### Creating a test dataset to use after fine-tuning

This notebook focuses on creating a test dataset to evaluate the performance of fine-tuned models on completely unseen data. The process ensures that no overlap exists between the training dataset (`filtered_dataset.csv`) and the newly created test dataset.

In [1]:
from datasets import load_dataset, concatenate_datasets
import pandas as pd
from pathlib import Path

#### Overlap validator as a function (between datasets)

In [2]:
# Validator to ensure no overlap between test_dataset and filtered_dataset.csv
def validate_no_overlap(existing_narratives, new_test_df):
	"""
    Validates that none of the 'Consumer complaint narrative' values in the new test dataset
    are present in the existing dataset.

    Parameters:
        existing_narratives: Set of existing narratives (from `filtered_dataset.csv`).
        new_test_df: Pandas DataFrame of the newly created test dataset.

    Returns:
        Bool: True if no overlap, False otherwise (with print of duplicate entries if found).
    """
	# Extract narratives from the new test dataset
	test_narratives = set(new_test_df["Consumer complaint narrative"].dropna().unique())

	# Find intersection
	overlapping_narratives = test_narratives.intersection(existing_narratives)

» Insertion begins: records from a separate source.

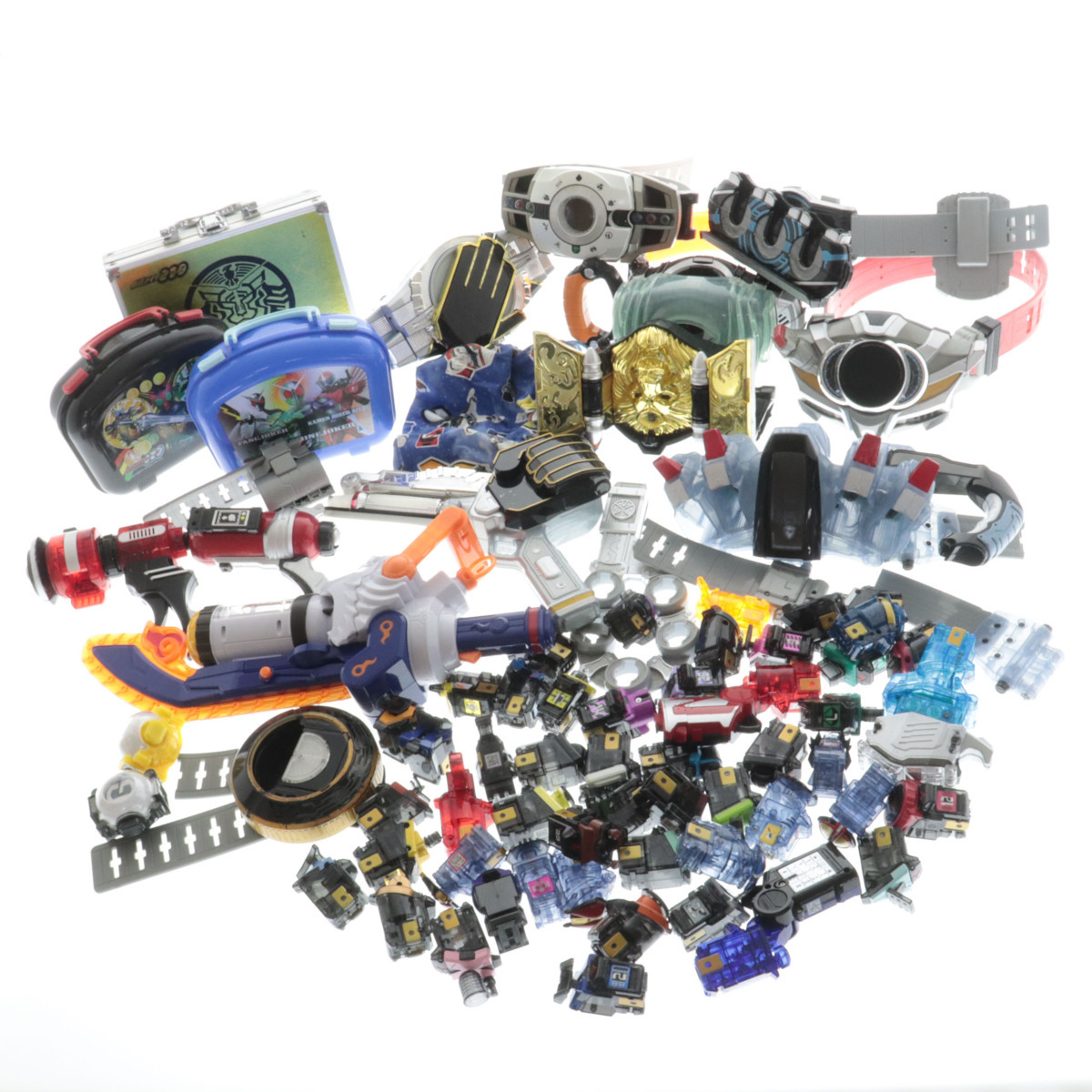 名古屋支店 仮面ライダー オーズ おもちゃ ベルト 他 ヒーロー 大量セット まとめ売り 中古 の落札情報詳細 ヤフオク落札価格情報 オークフリー スマートフォン版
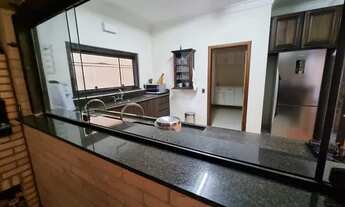 Imagem 7: Sobrado com 5 dormitórios, 281 m² - venda por R$ 1.810.000,00 ou aluguel por R$ 10.520,00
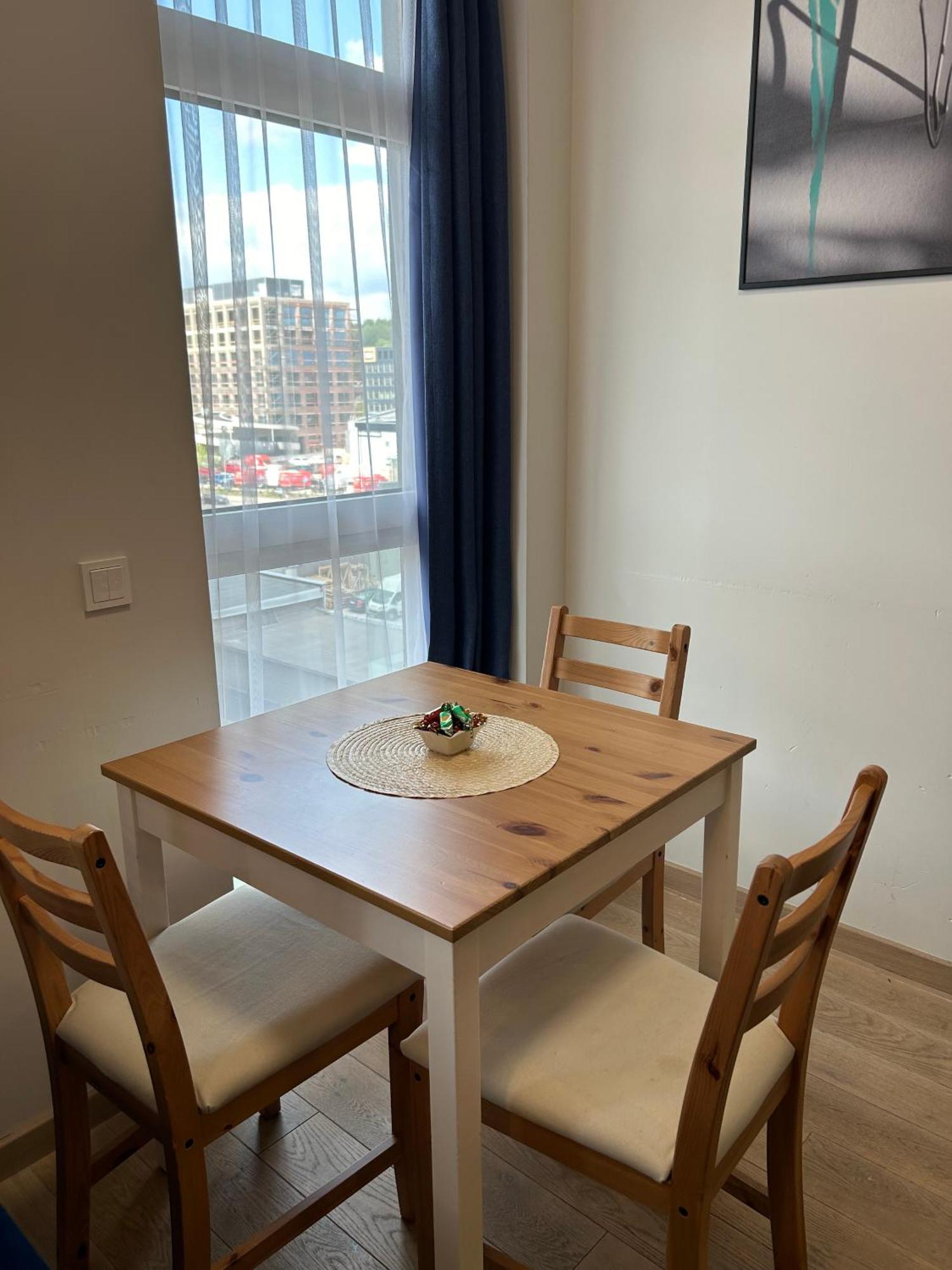 Your - Stylish In Center, With Balcony & Self Check-in Апартаменты Вильнюс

	# Check if there is any overlap
	if overlapping_narratives:
		print("Validation Failed: The following narratives overlap with the existing dataset:")
		for narrative in overlapping_narratives:
			print(f" - {narrative}")
		return False
	else:
		print("Validation Passed: No overlapping narratives found.")
		return True


#### Loading the original dataset and applying the same filters

In [3]:
# Load the original dataset from Hugging Face
original_dataset = load_dataset("BEE-spoke-data/consumer-finance-complaints", split = "train")

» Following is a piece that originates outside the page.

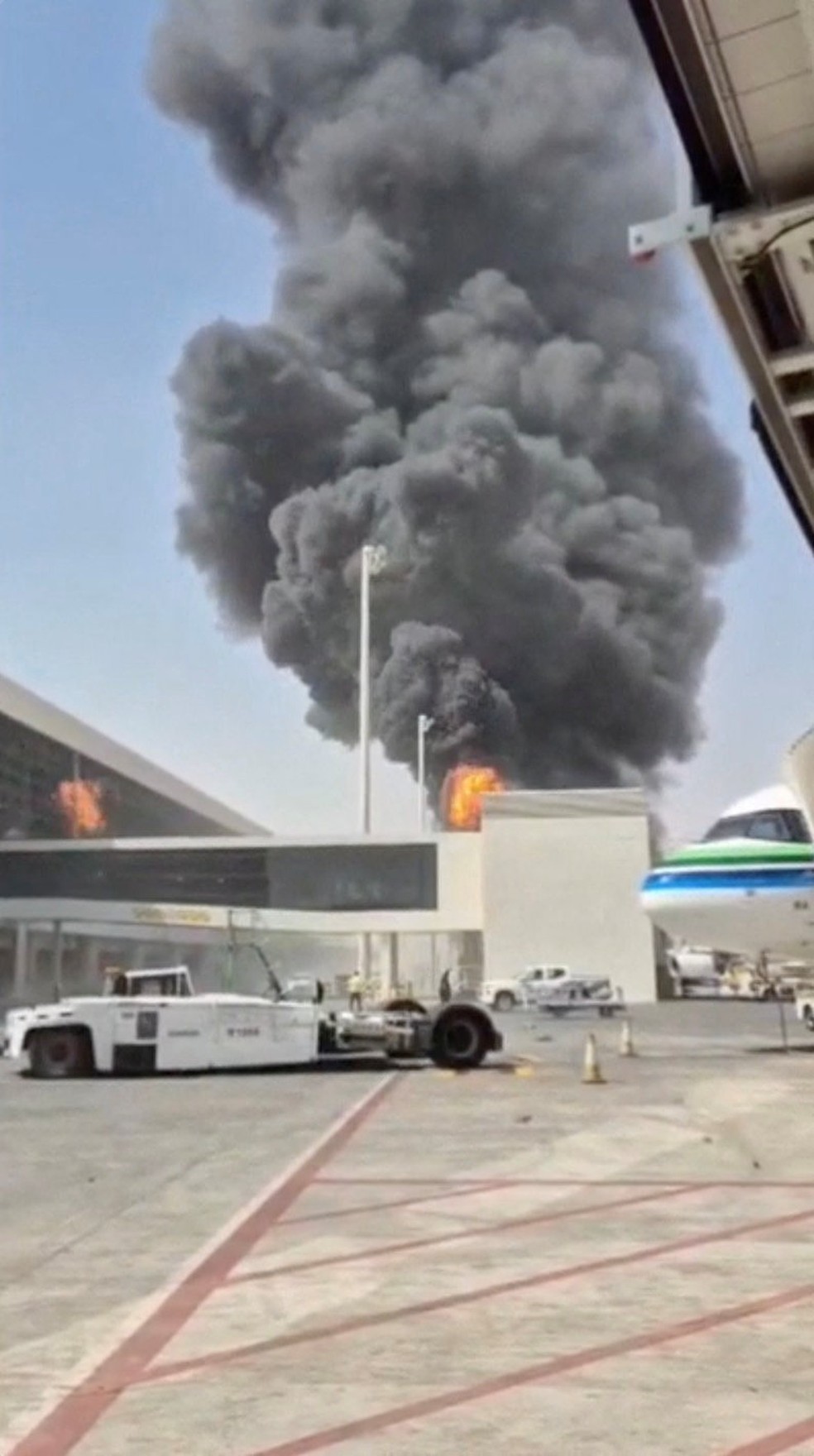 Fumaça e chamas são vistas no aeroporto de Rei Khalid, em Riade, capital da Arábia Saudita. — Foto: Redes Sociais via Reuters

# Apply filters to get rows matching the specified criteria
filtered_dataset = original_dataset.filter(
	lambda row: row["Company"] == "BANK OF AMERICA, NATIONAL ASSOCIATION"
	            and row["Product"] in ["Credit card or prepaid card", "Mortgage"]
	            and row["Consumer complaint narrative"] is not None
)

# Load the previously processed dataset from CSV
filtered_dataset_csv = pd.read_csv("data/filtered_dataset.csv")

#### Excluding the instances that exist in **filtered_dataset**

In [6]:
# Extract narratives from the CSV to use for exclusion
existing_narratives = set(filtered_dataset_csv["Consumer complaint narrative"].dropna().unique())

# Exclude rows with matching "Consumer complaint narrative"
remaining_dataset = filtered_dataset.filter(
	lambda row: row["Consumer complaint narrative"] not in existing_narratives
)

# Separate the remaining dataset into the two product classes
mortgage_dataset = remaining_dataset.filter(lambda row: row["Product"] == "Mortgage")
credit_card_dataset = remaining_dataset.filter(lambda row: row["Product"] == "Credit card or prepaid card")

# Sample 100 rows from each class (use a fixed seed for consistent test set generation)
mortgage_sample = mortgage_dataset.shuffle(seed = 42).select(range(100))
credit_card_sample = credit_card_dataset.shuffle(seed = 42).select(range(100))

# Combine the two samples into one test dataset
test_dataset = concatenate_datasets([mortgage_sample, credit_card_sample])

# Keep only the required columns: "Consumer complaint narrative" and "Product"
test_dataset = test_dataset.remove_columns(
	[col for col in remaining_dataset.column_names if col not in ["Consumer complaint narrative", "Product"]]
)

#### Converting to pandas dataframe, validating and extracting the unseen data in test_dataset.csv

In [7]:
# Convert the dataset to a pandas DataFrame
test_df = test_dataset.to_pandas()

# Validate the new test dataset
validation_result = validate_no_overlap(existing_narratives, test_df)

# Save the dataset only if validation passes
if validation_result:
	# Define the output folder and file path using pathlib
	output_folder = Path("data")
	output_folder.mkdir(exist_ok = True)  # Create the folder if it doesn't exist
	test_output_path = output_folder / "test_dataset.csv"

	# Save the new test dataset to a CSV file for evaluation purposes
	test_df.to_csv(test_output_path, index = False)
	print(f"Test dataset successfully saved to {test_output_path}")
else:
	print("Test dataset not saved due to overlapping entries.")


Validation Passed: No overlapping narratives found.
Test dataset successfully saved to data\test_dataset.csv